Guest Editorial by Backcountry Hunters & Anglers
For decades, the Pebble Mine has loomed over Alaska’s Bristol Bay, threatening fish, wildlife, and the people that call this watershed home. In November, the Environmental Protection Agency (EPA) announced a new timeframe for considering whether to permanently protect Bristol Bay and stop the Pebble Mine.
As a next step in this process, the EPA just launched a comment period through July 5th on their proposal to finalize permanent protections for Bristol Bay under section 404(c) of the Clean Water Act.
The EPA’s Proposed Determination found that mine waste including dredged or fill material would have “unacceptable adverse effects” for Bristol Bay’s salmon fishery, including the permanent loss of 8.5 miles of streams. This 404(c) authority effectively stops Pebble Mine from being developed and prohibits more than 10.2 billion tons of waste from being permanently disposed of in the Bristol Bay watershed – the most productive sockeye salmon fishery on earth. These are the durable protections hunters, anglers, tribes and commercial fishing companies have been demanding for over a decade.
The Bristol Bay region of Alaska and its pristine landscape contain incredible hunting and angling in some of America’s most valuable watersheds. The world’s largest runs of sockeye salmon return to the rivers and streams of the region every year, supporting the culture, economy, and ecosystem of southwestern Alaska. Salmon are the bedrock of life in Bristol Bay. For thousands of years, the annual returns of salmon have been the foundation of Alaska Native culture and lifestyle in the region.
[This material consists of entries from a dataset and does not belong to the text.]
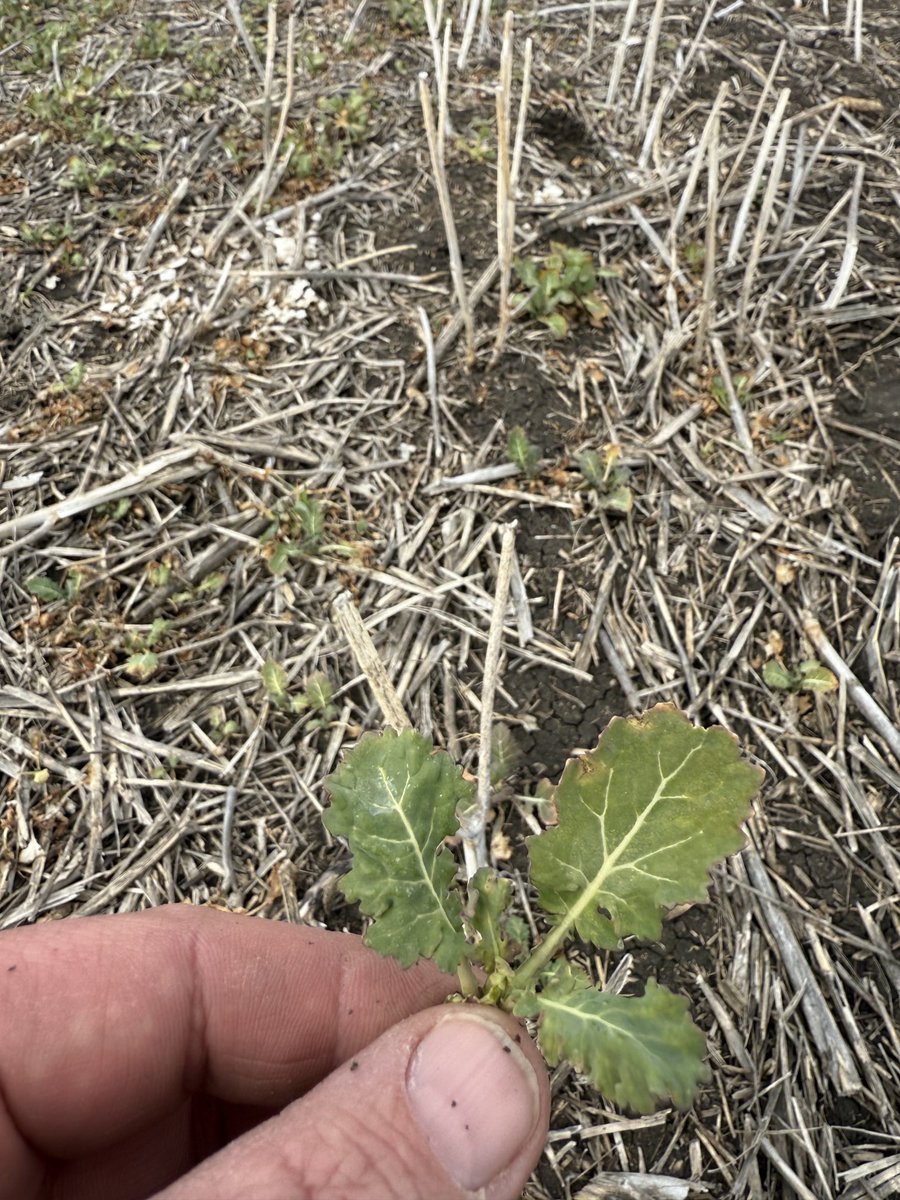 Center Field Solutions tweet media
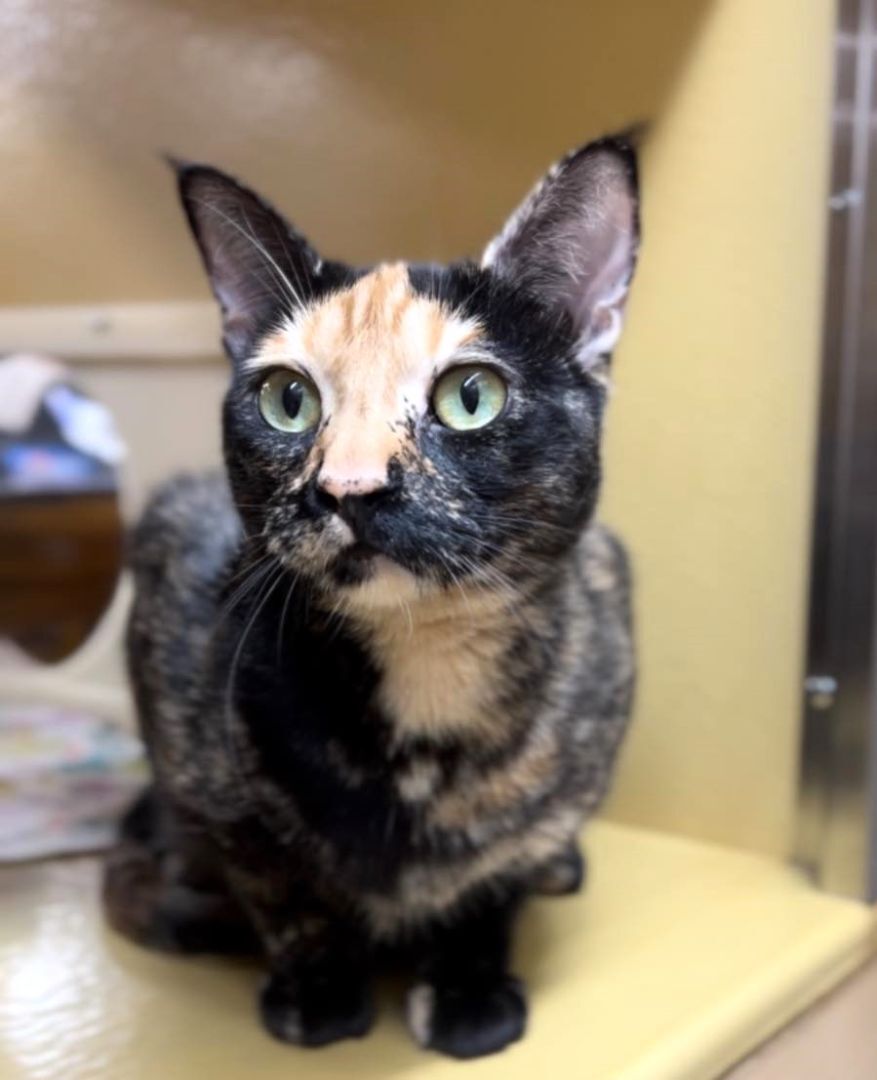 BEBE, a Adoptable mixed breed in HEMET, CA image 2/6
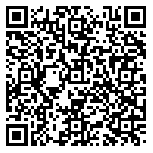 QR code 38287380600000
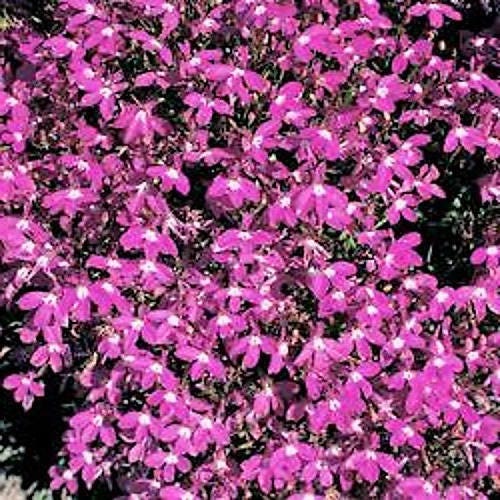 200 MAGENTA PINK LOBELIA Regatta Lobelia Erinus Flower Seeds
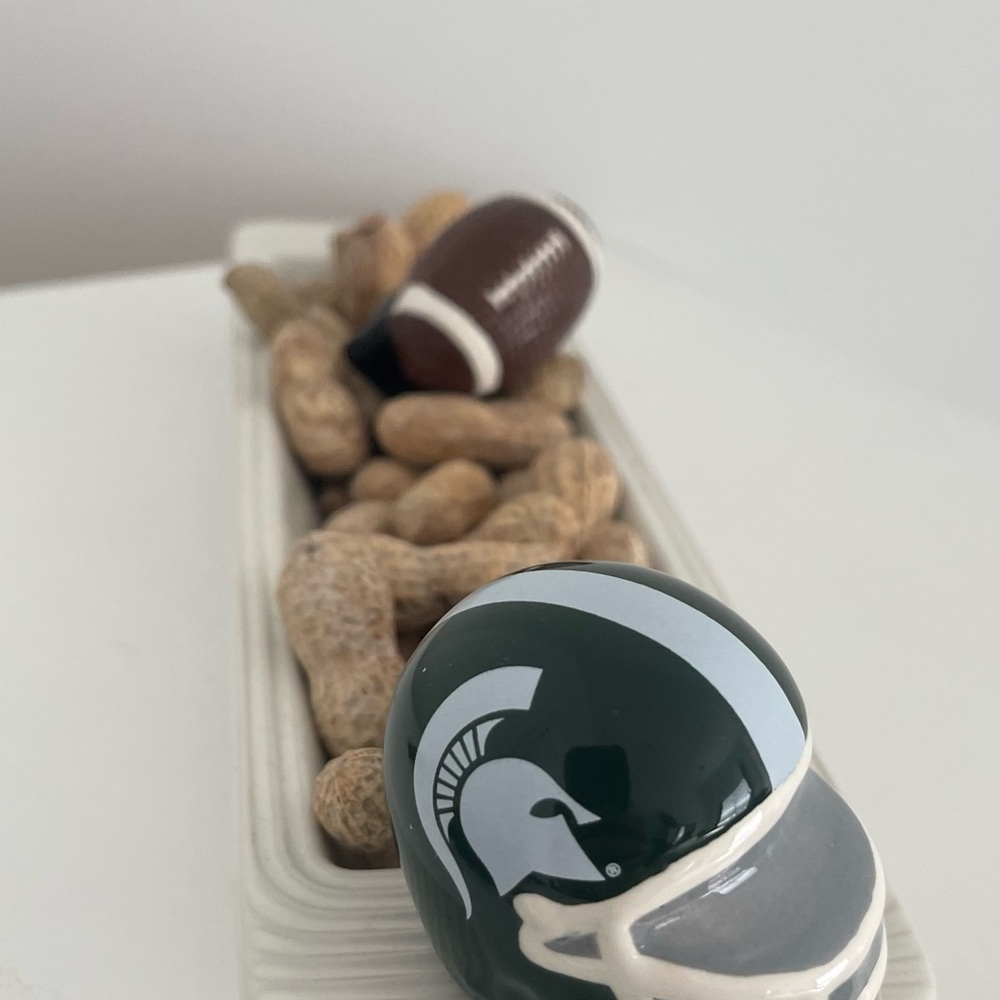 Nora Fleming Collegiate Michigan State Helmet (A308)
The current commercial fishery is worth $2.2 billion annually, supports over 15,000 jobs, and supplies the world with over 50% of its sockeye salmon. These fish provide a flood of nutrients into the rivers, streams and lakes, feeding giant coastal brown bears, bald eagles, rainbow trout, dolly varden, arctic grayling and whose bodies leave nitrogen in the soil to feed willow trees, and other plants that are food for herbivores like moose.
This incredible cycle is what creates the world-renowned hunting and angling opportunities that the Bristol Bay region provides. The Pebble Mine has threatened it all for far too long. Join Backcountry Hunters & Anglers, local tribes, Alaskans, commercial fishermen, and others in the outdoor community and tell the EPA to act now, finish the job and ensure that Bristol Bay’s pristine lands and waters are protected forever.
The petition states:
As a supporter of Backcountry Hunters & Anglers, I believe an intact ecosystem in the Bristol Bay watersheds of Alaska is imperative to ensuring the future of hunting and angling traditions in the region. The science is clear. If built, Pebble Mine would permanently poison Bristol Bay’s waters and imperil the greatest wild salmon fishery left on earth and all that it supports.
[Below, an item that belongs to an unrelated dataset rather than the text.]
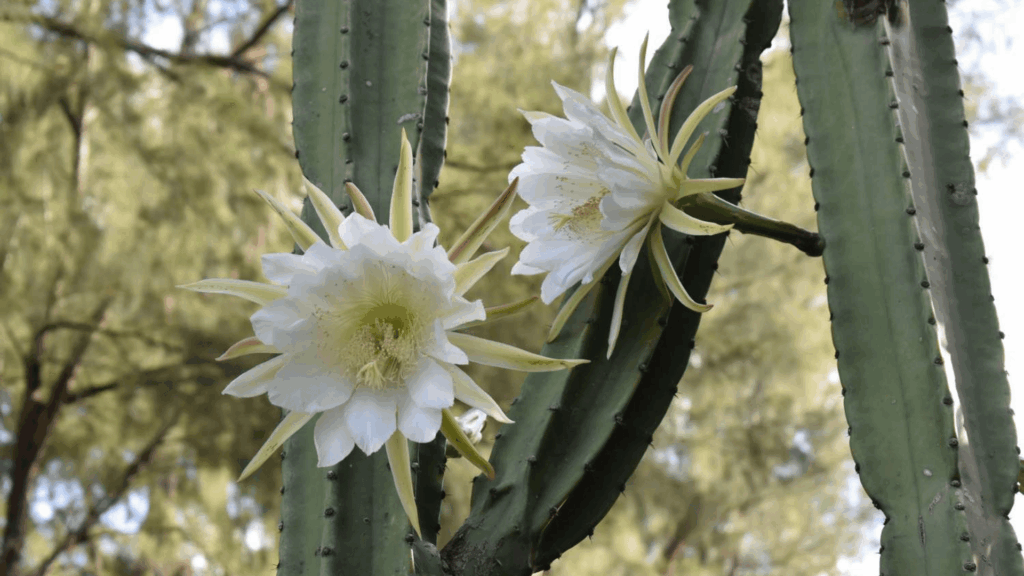 types of cactus with tall green ribbed stems and large white flowers blooming on sides in natural outdoor setting close up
For decades, local tribes, Alaskans, commercial fishermen, and hunters and anglers from across the country have voiced their opposition to Pebble Mine and their desire to see Bristol Bay protected for good. It is time for the EPA to expedite the 404(c) process and finalize protections this year.
The EPA’s action must include protections for several critical watersheds including: the North Fork Koktuli, South Fork Koktuli and Upper Talarik Creek, all of which support the productivity of Bristol Bay’s wild salmon and are under threat from Pebble and other large-scale mines like it.
Please finish the job now and ensure that Bristol Bay’s pristine lands and waters are protected in perpetuity.